**Extracted records**
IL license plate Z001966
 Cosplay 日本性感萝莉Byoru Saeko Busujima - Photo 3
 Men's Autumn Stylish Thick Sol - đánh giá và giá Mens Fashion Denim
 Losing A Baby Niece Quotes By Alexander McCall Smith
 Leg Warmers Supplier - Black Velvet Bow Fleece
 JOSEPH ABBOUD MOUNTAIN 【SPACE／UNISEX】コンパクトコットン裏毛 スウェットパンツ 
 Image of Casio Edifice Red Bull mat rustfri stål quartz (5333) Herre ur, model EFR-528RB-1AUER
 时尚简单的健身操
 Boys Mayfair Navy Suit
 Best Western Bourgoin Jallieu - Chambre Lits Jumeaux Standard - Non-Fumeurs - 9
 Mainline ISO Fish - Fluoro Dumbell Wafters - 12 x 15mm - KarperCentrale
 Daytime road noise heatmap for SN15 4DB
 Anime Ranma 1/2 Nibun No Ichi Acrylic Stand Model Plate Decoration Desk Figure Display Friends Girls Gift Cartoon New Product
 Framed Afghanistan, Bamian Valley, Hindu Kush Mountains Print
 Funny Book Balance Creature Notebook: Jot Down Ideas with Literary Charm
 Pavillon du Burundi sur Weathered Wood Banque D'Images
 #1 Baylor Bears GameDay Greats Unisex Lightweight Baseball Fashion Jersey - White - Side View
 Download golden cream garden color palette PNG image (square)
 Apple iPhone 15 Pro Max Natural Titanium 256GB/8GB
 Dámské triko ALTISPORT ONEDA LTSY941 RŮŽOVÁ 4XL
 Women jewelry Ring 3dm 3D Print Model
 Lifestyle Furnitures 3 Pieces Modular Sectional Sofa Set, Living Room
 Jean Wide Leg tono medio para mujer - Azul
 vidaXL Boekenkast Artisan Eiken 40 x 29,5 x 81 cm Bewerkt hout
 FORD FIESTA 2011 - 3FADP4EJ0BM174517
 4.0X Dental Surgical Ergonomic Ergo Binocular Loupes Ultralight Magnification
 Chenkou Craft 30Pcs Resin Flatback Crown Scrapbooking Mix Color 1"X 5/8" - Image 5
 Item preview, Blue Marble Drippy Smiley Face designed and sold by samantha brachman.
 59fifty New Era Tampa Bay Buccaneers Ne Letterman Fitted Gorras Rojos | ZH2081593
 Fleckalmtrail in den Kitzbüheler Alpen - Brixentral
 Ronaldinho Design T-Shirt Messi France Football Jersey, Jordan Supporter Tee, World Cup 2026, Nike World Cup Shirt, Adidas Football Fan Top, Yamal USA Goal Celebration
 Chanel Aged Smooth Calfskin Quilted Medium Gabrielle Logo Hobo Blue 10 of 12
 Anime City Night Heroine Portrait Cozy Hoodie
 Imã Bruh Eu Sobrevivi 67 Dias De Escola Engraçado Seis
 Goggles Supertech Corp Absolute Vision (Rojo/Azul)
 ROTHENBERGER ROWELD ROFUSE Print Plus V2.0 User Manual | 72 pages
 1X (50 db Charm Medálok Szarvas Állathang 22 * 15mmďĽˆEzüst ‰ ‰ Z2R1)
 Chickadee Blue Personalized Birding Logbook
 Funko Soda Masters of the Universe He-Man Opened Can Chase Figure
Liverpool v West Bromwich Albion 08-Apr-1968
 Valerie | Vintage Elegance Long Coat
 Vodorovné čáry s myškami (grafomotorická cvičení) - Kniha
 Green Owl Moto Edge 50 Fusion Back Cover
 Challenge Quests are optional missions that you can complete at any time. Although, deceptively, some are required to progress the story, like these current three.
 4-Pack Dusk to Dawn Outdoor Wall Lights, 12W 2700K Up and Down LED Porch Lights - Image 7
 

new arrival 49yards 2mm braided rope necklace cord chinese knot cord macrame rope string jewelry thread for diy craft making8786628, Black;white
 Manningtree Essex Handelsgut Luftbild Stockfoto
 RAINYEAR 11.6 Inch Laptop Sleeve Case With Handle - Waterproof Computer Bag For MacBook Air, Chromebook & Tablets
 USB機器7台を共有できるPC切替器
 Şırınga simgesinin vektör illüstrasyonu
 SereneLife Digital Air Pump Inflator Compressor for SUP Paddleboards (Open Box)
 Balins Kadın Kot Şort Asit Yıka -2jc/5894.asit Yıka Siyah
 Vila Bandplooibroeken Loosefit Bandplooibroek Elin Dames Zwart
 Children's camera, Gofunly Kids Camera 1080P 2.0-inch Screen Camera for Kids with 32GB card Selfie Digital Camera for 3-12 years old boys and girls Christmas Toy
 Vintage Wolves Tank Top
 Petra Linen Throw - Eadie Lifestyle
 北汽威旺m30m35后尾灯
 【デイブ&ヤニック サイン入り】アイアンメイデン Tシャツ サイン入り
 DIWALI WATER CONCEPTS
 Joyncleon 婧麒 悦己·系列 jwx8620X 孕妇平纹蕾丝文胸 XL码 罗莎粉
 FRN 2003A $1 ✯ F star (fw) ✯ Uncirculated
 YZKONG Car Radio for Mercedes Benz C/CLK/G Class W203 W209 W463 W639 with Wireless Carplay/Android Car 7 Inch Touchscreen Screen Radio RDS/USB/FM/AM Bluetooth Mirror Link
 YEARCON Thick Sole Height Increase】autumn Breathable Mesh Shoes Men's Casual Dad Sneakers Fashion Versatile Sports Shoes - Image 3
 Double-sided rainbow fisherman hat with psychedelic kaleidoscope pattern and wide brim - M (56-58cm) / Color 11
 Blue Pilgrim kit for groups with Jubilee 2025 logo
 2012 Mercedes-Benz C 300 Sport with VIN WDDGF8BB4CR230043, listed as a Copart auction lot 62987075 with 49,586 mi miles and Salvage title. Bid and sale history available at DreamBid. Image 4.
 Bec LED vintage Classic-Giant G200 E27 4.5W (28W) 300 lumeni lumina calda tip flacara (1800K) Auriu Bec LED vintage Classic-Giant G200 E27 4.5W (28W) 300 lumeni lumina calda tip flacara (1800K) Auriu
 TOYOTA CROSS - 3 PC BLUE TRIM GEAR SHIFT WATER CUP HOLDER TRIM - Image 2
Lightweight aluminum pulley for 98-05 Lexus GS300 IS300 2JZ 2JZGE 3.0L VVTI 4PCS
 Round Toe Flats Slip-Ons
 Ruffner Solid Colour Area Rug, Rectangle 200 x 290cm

**Task description**
Give back exactly the lines above, from the line containing "2012 Mercedes-Benz C" through the line containing "(1800K) Auriu Bec", with both end lines and nothing more.

**Response to the exercise**
 2012 Mercedes-Benz C 300 Sport with VIN WDDGF8BB4CR230043, listed as a Copart auction lot 62987075 with 49,586 mi miles and Salvage title. Bid and sale history available at DreamBid. Image 4.
 Bec LED vintage Classic-Giant G200 E27 4.5W (28W) 300 lumeni lumina calda tip flacara (1800K) Auriu Bec LED vintage Classic-Giant G200 E27 4.5W (28W) 300 lumeni lumina calda tip flacara (1800K) Auriu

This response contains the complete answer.